[Productize GEMM #1] optimize gem with small M

intel / intel-xpu-backend-for-triton

OpenAI Triton backend for Intel® GPUs

MIT License

129 stars 38 forks source link

[Productize GEMM #1] optimize gem with small M #1465

Closed Dewei-Wang-sh closed 2 months ago

Dewei-Wang-sh commented 3 months ago

for gemm with small M case, we have special consideration to optimize it in our poc branch. like "skip prefetch dot A operand", "relax upstream semantic limitation" we need to make sure the changes are necessary and merged.

etiotto commented 3 months ago

I think we need to understand the reason prefetching operand A causes a performance degradation. Collect unitrace data to determine what metric degrades is you prefetch that operand (vs not prefetching it) as a starting point. Are we running out of cache capacity ? If so we could tune how many iterations are prefetched (pipelined).

Dewei-Wang-sh commented 3 months ago

I think we need to understand the reason prefetching operand A causes a performance degradation. Collect unitrace data to determine what metric degrades is you prefetch that operand (vs not prefetching it) as a starting point. Are we running out of cache capacity ? If so we could tune how many iterations are prefetched (pipelined).

second that

aregm commented 3 months ago

@Dewei-Wang-sh, it would also be helpful to have a decent description of what is supposed to be done in the issue.

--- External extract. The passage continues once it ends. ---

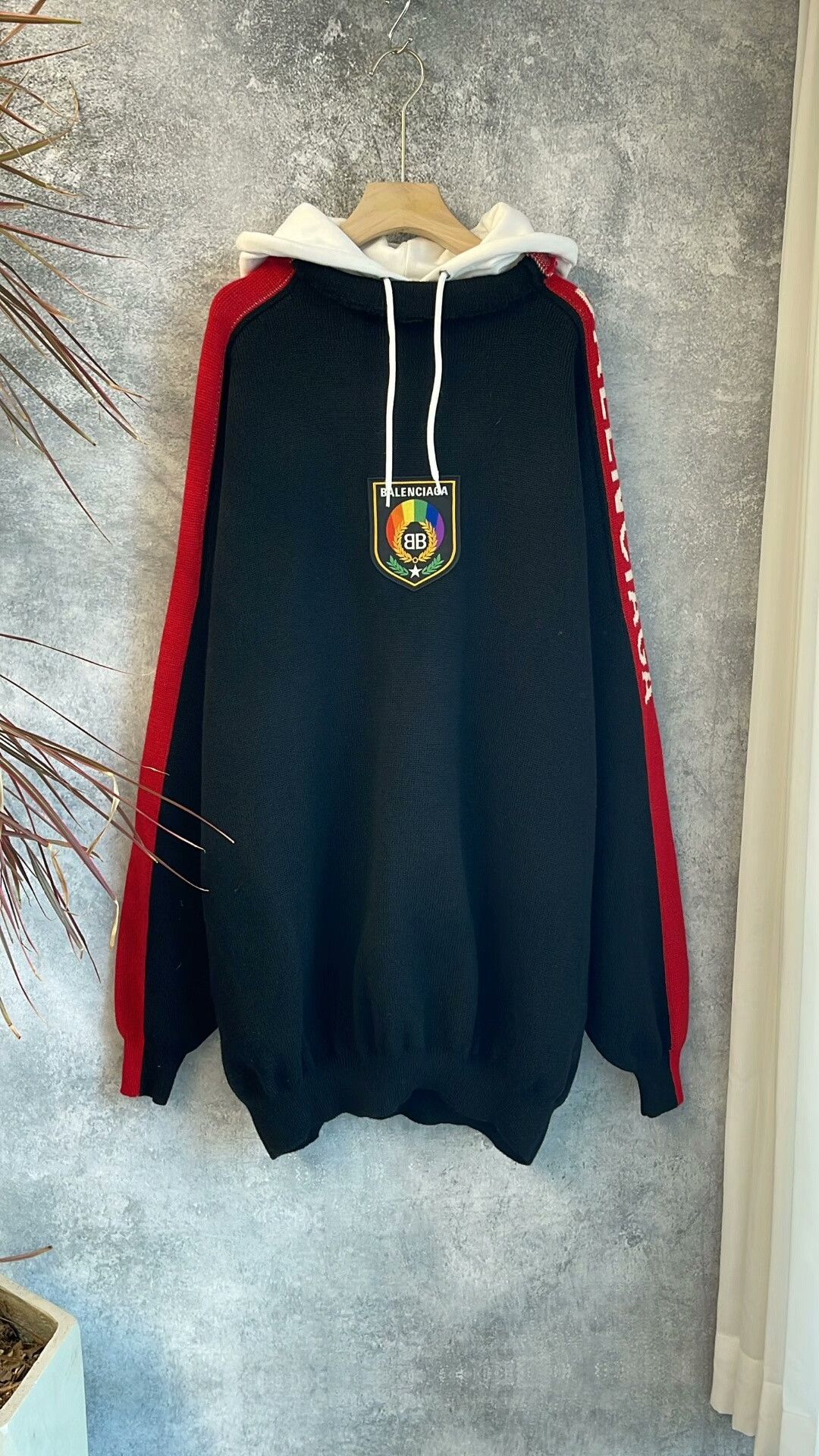 Balenciaga Balenciaga Black Double B Rainbow Embroidery Hoodie M Size US M / EU 48-50 / 2 - 1 Thumbnail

Dewei-Wang-sh commented 3 months ago

@Dewei-Wang-sh, it would also be helpful to have a decent description of what is supposed to be done in the issue.

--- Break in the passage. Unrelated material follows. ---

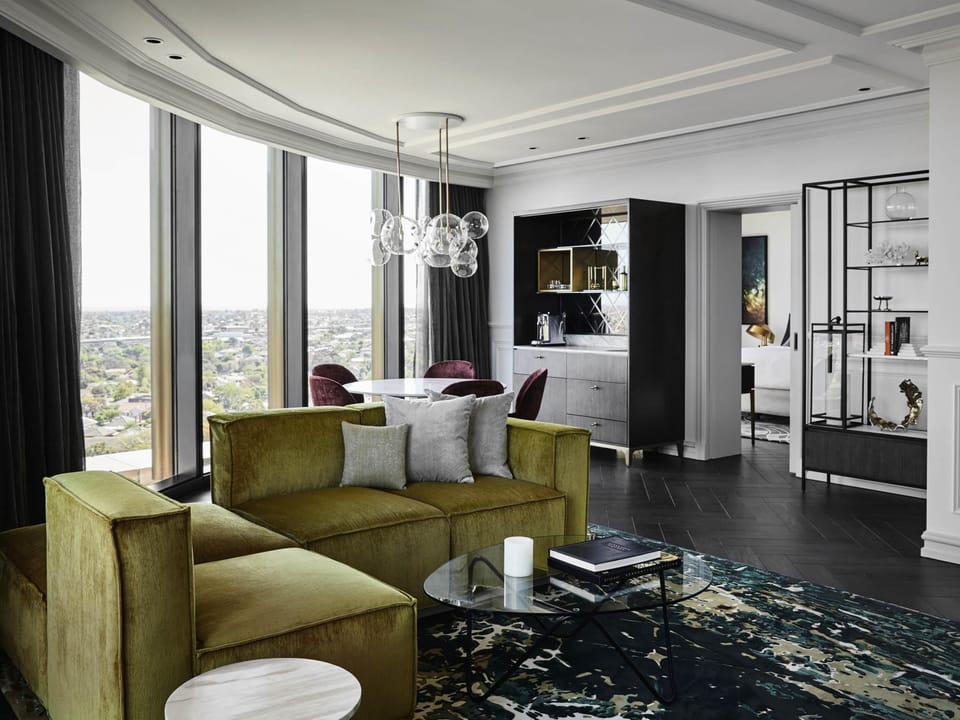 Penthouse (Des Créateurs) | Premium bedding, minibar, in-room safe, laptop workspace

thanks for the remind, added

quintinwang5 commented 3 months ago

Per our discussions, the feature disable prefetch for small shapes we be abandoned due to it's harmful to average performance for some shapes and just benefit max performance for limited shapes. As for the tl.dot, I have posted an issue to get Triton community's opinion about this limitation. https://github.com/triton-lang/triton/blob/8e96b71b1b47a5d09f1cfb1826a16178f58dbef0/python/triton/language/semantic.py#L1373

quintinwang5 commented 2 months ago

Issued a PR to try to move the restriction under CUDA backend.

quintinwang5 commented 2 months ago

AMD has different hardware-supported gemm size like Intel. They have a PR working on this. And the reviewer requests changes about the restriction according to my PR. So my PR has been closed. See this comment.

pbchekin commented 2 months ago

Waiting for the PR above to land to upstream.